Land Rover's Range Rover Evoque uses a 2.0-liter turbocharged four-cylinder engine rated for 240 horsepower and 250 pound-feet of torque. It pulls smoothly and has very little throttle lag. The 6-speed automatic, which includes paddle shifters for manual operation, kicks down quickly for passing.

Acceleration performance is neither lethargic nor particularly quick. Land Rover quotes a 0 to 60 mph time of 7.1 seconds, which is respectable and certainly enough to keep up with urban traffic. By comparison, the BMW X1 xDrive28i can perform this feat in 6.3 seconds with its 240-hp 2.0-liter turbo four.

Fuel economy is an EPA-estimated 20/28 mpg City/Highway. The BMW X1 xDrive28i is rated 22/30 mpg.

Evoque's turbocharger builds boost quickly, so it takes some practice to achieve smooth launches. We also found that it's not too difficult to confuse the computer controlling the 6-speed automatic; its electronic brain seems to balk at abrupt changes in throttle position.

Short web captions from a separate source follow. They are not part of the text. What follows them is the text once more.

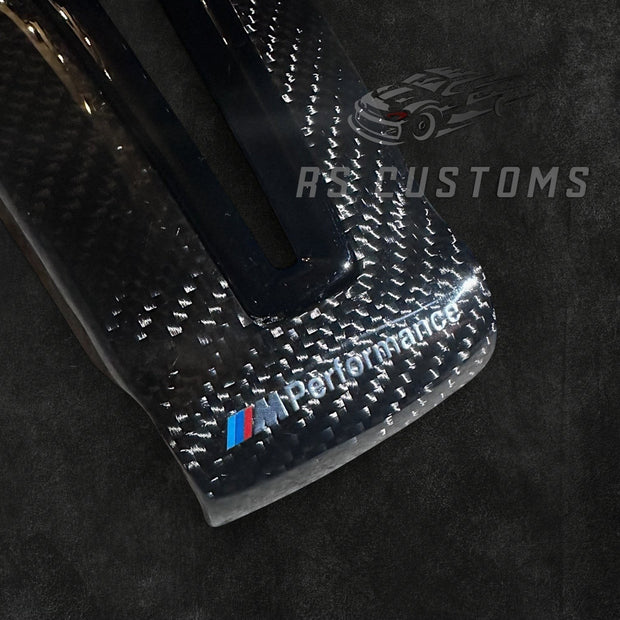 RS Customs BMW F-Series carbon fiber steering wheel cover with customizable center color for F20, F30, F80, F82 and other BMW F-Series models.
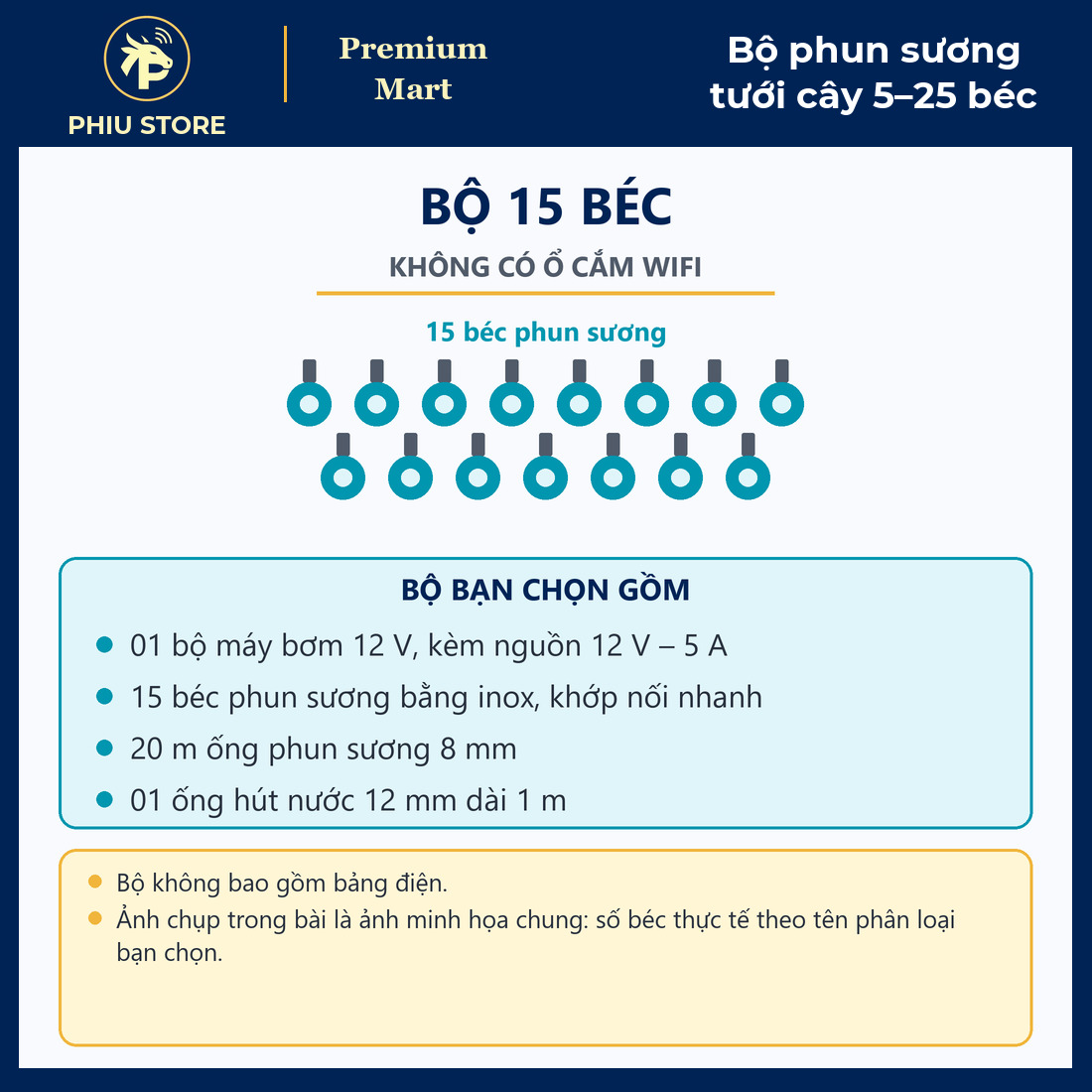Bộ Phun Sương Làm Mát Tưới Cây Bơm 12V 5–25 Béc Inox, Có Bản Ổ Cắm Wifi Điều Khiển Từ Xa Hẹn Giờ - PHIU STORE_thumbnail_8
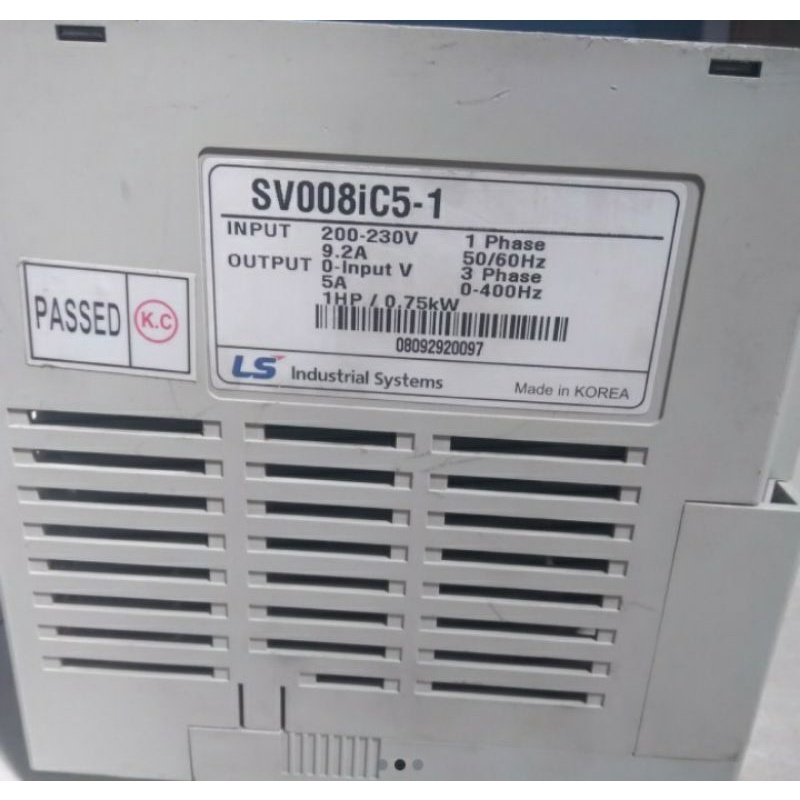 INVERTER LS SV008IC5 0.75KW 1HP SINGLE PHASE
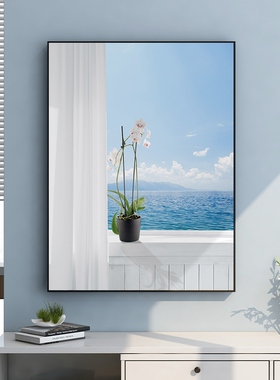 网红入户见海画视觉空间开窗感挂画北欧延伸玄关装饰画竖版墙壁画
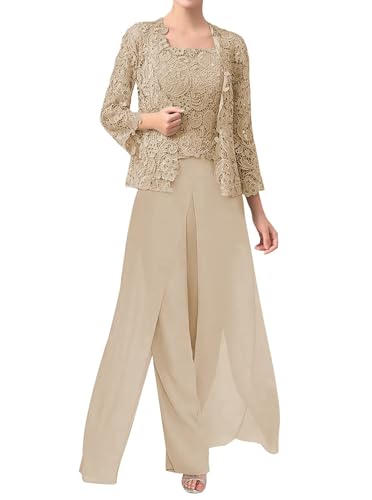 Chiffon Laces Mother Bride Pantsuit with Jacket Long Sleeve Formal Jumpsuit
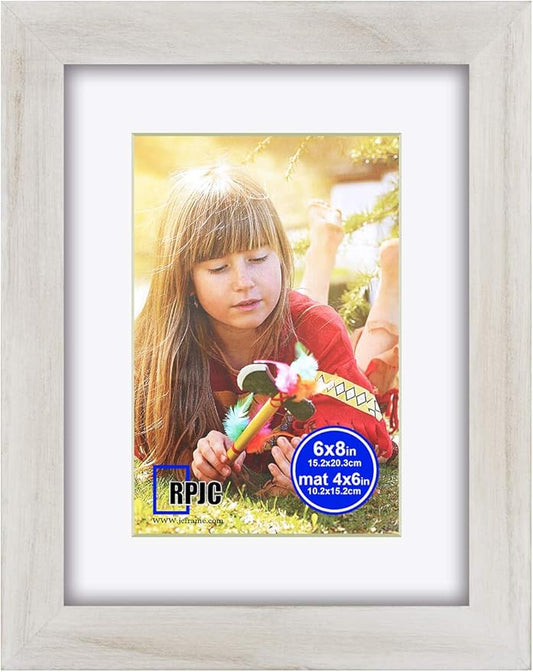 RPJC 6x8 inch Picture Frame Made of Solid Wood and High Definition Glass Display Pictures 4x6 with Mat or 6x8 Without Mat for Wall Mounting Photo Frame Rustic White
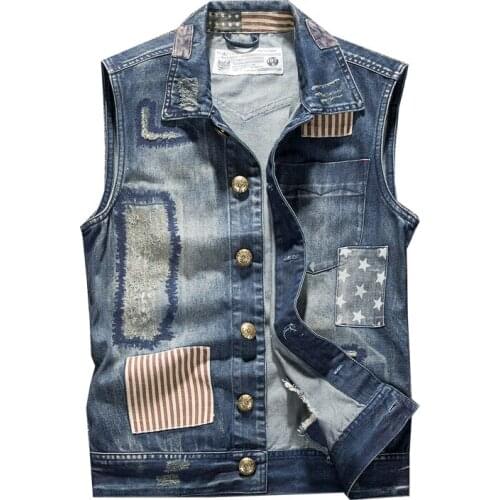 New Brand Men Jeans Vest Autumn spring Sleeveless Denim Jacket Wears Waistcoat Male Colete Tactical Vest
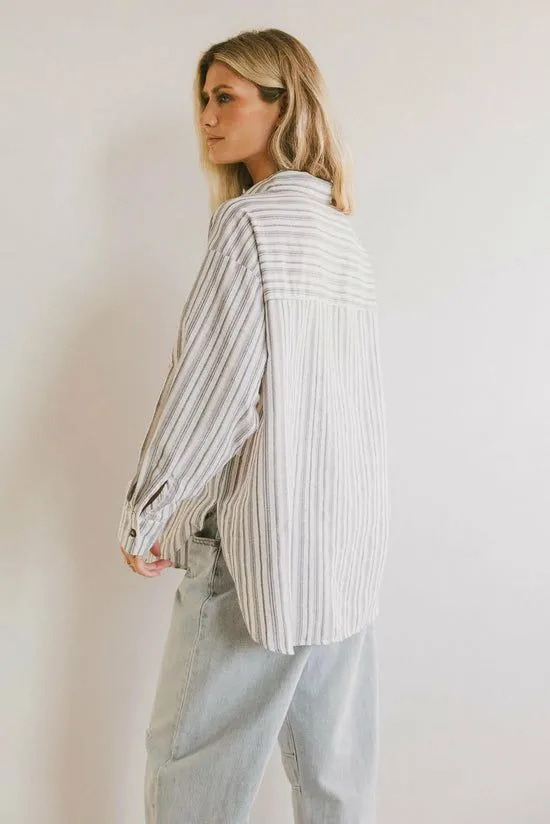 Bohme Sailor Striped Button Up Blue Women Tops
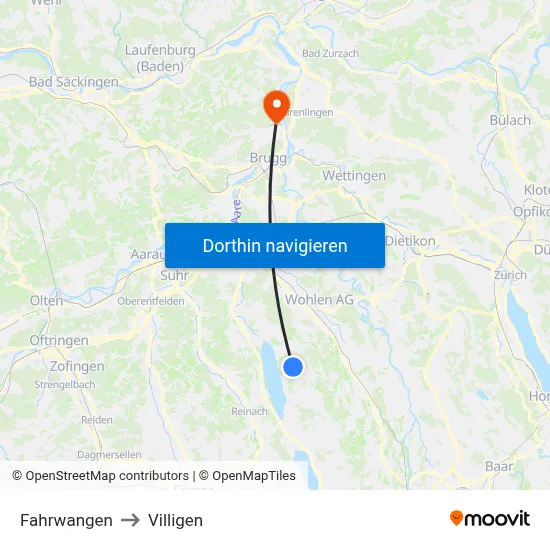 Fahrwangen to Villigen map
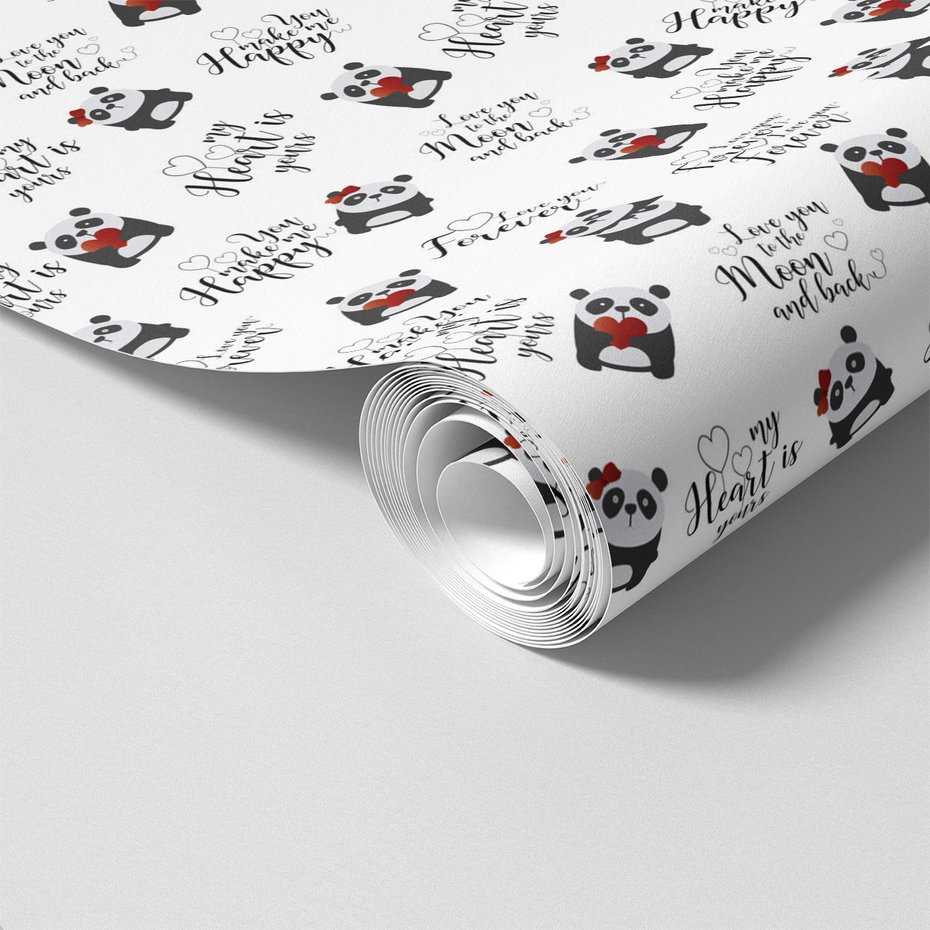 Tapeta - dziecięca, panda, serce, napisy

These are traits that become transparent to an owner over time, but there's room for improvement here.

In really rough stuff, its Land Rover credentials shine. With its short front and rear overhangs (i.e., not much vehicle protruding beyond the front or rear axles), the Evoque has far more off-road ability than you might expect based on the looks. The four-wheel-drive system employs a Haldex center differential that automatically apportions torque front or rear according to grip. It's totally transparent and very effective. Off-roading is also aided by the Terrain Response system. It has settings for Mud-Ruts, Grass-Gravel-Snow, Sand and General Driving, and it works with several vehicle systems to help the Evoque conquer almost anything the world throws at it. For example, the throttle is dulled and the transmissions shifts up sooner in Grass-Gravel-Snow, while the throttle is aggressive and the transmission holds gears longer in Sand mode.

While the Evoque is the most capable off-roader in its class, it isn't as accomplished as other Land Rovers due to a relatively low (for Land Rover) ground clearance, no low-range gearing, and a lack of locking differentials.

The Evoque balances its off-road capability with impressive on-road dynamics. Suspension tuning is firm, and that trait, combined with the rational ride height give the Evoque a lively sense of agility without any apparent sacrifice in comfort. Directional changes are brisk, body roll is limited, brake feel is firm, and the words car-like driving experience certainly apply here. When equipped with the optional MagnaRide suspension, Terrain Response also includes a Dynamic mode that firms up the shocks in corners to further reduce body lean.

If there's any soft spot in the Evoque's dynamic credentials, it's at the wheel. Range Rover has adopted a new electric-assist steering system that varies effort as a function of speed. It's quick, just 2.5 turns lock-to-lock, but it's also lacking in road feel. That's not a good combination. But it's another of those little quirks that owners adapt to over time.